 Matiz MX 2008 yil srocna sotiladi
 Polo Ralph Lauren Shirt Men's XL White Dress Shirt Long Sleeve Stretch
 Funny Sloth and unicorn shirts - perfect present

---

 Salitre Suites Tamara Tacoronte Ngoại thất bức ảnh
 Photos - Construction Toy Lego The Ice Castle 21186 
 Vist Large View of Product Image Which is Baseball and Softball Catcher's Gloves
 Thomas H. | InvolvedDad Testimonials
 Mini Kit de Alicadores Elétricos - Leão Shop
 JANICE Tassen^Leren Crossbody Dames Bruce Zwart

- [Problem to solve]: All that is wanted is the stretch of lines above from the one containing "Thomas H. | InvolvedDad Testimonials" through the one containing "JANICE Tassen^Leren Crossbody", duplicated exactly.

- [Solution for this task]:
 Thomas H. | InvolvedDad Testimonials
 Mini Kit de Alicadores Elétricos - Leão Shop
 JANICE Tassen^Leren Crossbody Dames Bruce Zwart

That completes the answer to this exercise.